Various individual antibodies disclosed herein and in U.S. Pat. No. 8,603,480, which is incorporated by reference, were profiled in vitro for their antiviral effect and off-target effects, and in silico for their developability. In addition, antibody combinations were analyzed regarding their neutralization capacity and prevention of viral escape mutations. The

combinations included those comprising one antibody which bound to one subset of hCMV proteins and one that bound to another subset of hCMV proteins, such as an antibody which bound gB and an antibody which bound a multi-protein complex.

The individual antibodies 7H3 and 4122 and the combination thereof were shown to be excellent candidates in all tested aspects. They were found to be effective binders to hCMV glycoproteins with excellent neutralization potency on clinical isolates of virus across clinically relevant primary cell types (e.g., renal and placental cell types). They effectively blocked syncytia formation and with that cell-to-cell spread of virus. In combination, these antibodies prevented the development of escape mutants over a period of more than a year. Unlike some of the other antibodies, antibodies 7H3 and 4122 did not contain developability constrains like glycosylation sites, deamidation sites, or unlinked cys residues and no off-target binding to protein chips or various non-infected tissues was observed.
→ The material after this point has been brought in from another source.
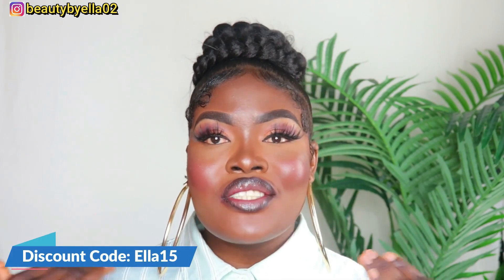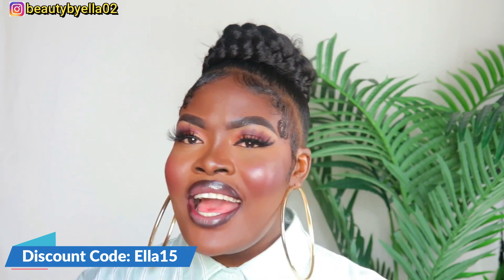Hi guys, welcome back to my channel — it's your one and only. If you need hair, you're welcome; if you need subscribers, you're welcome back as well. In today's video I'm going to be trying out some dresses from S Plus Wear. This brand reached out to me and was kind enough to send over some of their dresses. Every dress I'm showing you today I single-handedly picked out on their website, so I love every one of them.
All features together made the combination of 7H3 and 4122 excellent compared to other antibodies. These features are detailed herein and below. Example 4: Various Qualities and Efficacy of the Combination of 7H3 and 4122

7H3 and 4122 are antibodies that bind to and inhibit the function of viral glycoproteins essential for hCMV infectivity. 7H3 inhibits gB function while 4122 inhibits the function of the 5-member complex. The combination of 7H3 and 4122 (7H3/4I22) neutralizes hCMV infection of all cell types tested by both blocking the initial infection of cells and the subsequent cell to cell spread of virus. In addition, the combination shows a marked decrease in viral resistance that is seen with single antibody therapy.

Modeling predicts that the affinity of antibody-glycoprotein interactions could be a factor in decreasing viral replication. An enzyme-linked immunosorbent assay (ELISA) using a soluble gB ectodomain expressed in a mammalian cell line was used to assess the affinity of 7H3. To assess the affinity of 4122, a soluble 5-member complex was generated. Biacore technology, which is based on measuring differences in surface plasmon resonance, was used to measure the binding kinetics of this antibody. Both 7H3 and 4122 bound to their respective targets with high affinity. The equilibrium dissociation constants (KD) for 7H3 and 4122 were 289.9 pM and 310 pM, respectively.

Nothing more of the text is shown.